Warren repeatedly asked what evidence the SEC has that investors are being overloaded with information.

'FACT-FREE' WHINING REPORT

The issue is one that the commission has been examining "for decades," White said, adding that the review “is meant to make disclosure more meaningful to investors.”

Yet only corporations, not investors, want less disclosure, Warren said. The Chamber of Commerce "produced a fact-free report whining about this nonexistent information overload problem in 2014 shortly after you launched your initiative."

To the contrary, several senators expressed support for the SEC taking a hands-off approach to Wall Street. Committee Chairman Sen. Richard Shelby, R-Ala., opened the hearing by warning about detrimental effects of unnecessary regulation on U.S. financial markets and cited the Department of Labor's new fiduciary rule, released in April, as an example.

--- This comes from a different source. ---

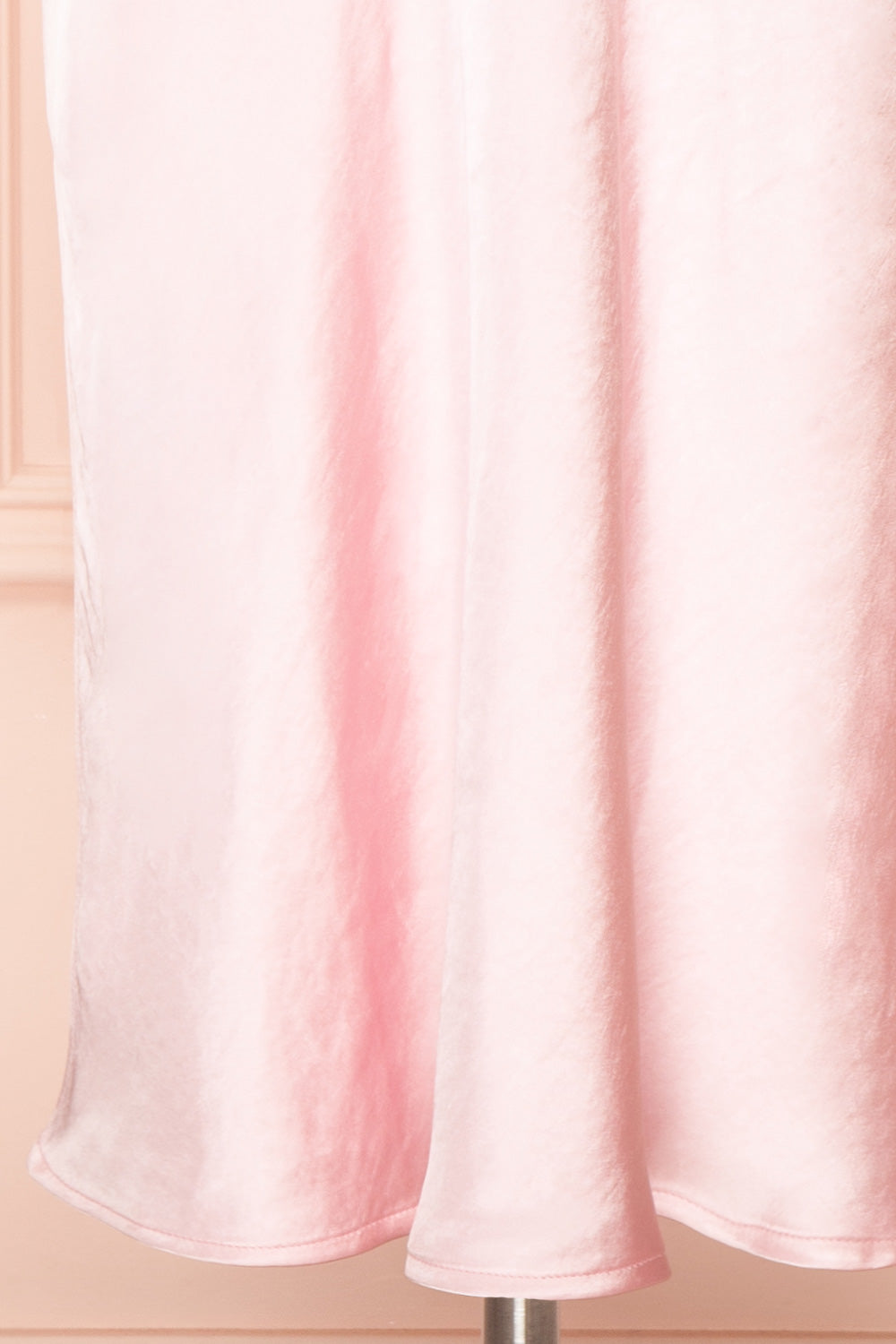 Jessie Pink Cowl Neck Satin Slip Dress w/ Open Back | Boutique 1861 bottom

Sen. Jon Tester, D-Mont., struck a conciliatory tone, saying he believed the commission would have accomplished much more were it not so severely underfunded, a point with which White seemed to agree.

"The SEC is a significantly under-resourced agency," White said. "We are so outspent on the IT side by the people we regulate."

'I CAN'T GIVE YOU THAT COMMITMENT'

Tester asked if the commission would be able to finish its own fiduciary rule before the Obama administration’s tenure ends.

"I'm committed to moving it as fast and as well as I can, but I can't give you that commitment, no," said White, who repeatedly emphasized that while she strongly backs such a standard she is just one vote among the agency's three commissioners. "It's a longer route than that."

SEC MUST NOT 'UNDERCUT' DOL

At this particular point in time, it's not necessarily a bad thing that the SEC hasn't acted on its own fiduciary rule, Barbara Roper, director of investor protection at the Consumer Federation of America, said in an interview following the committee meetings.

The industry has pushed the SEC to get out in front of the Labor Department on the fiduciary issue, believing that the commission would produce a weaker standard.

This "wouldn’t be a good thing for investors," Roper said. She added, "Our first priority at the moment is that the SEC do nothing that would undercut the strong rule adopted by the DoL."

Roper also said her organization believes the commission has been misguided in focusing its resources on disclosure rather than more important matters.

Fiduciary protection for investors "is at the top of a long list of retail investor protection priorities that have gotten no attention at the SEC in this administration," Roper says. "I think we and Senator Warren and others share a broader frustration over what looks to us like the commission’s misplaced priorities."

An SEC spokeswoman countered that, "Chair White has moved a number of transformative rules through the commission that have significantly strengthened investor protections and critical aspects of the market, including restructuring money market funds, building a new regime for the asset management industry, and enhancing the governance and operations of credit ratings agencies and asset-backed securities."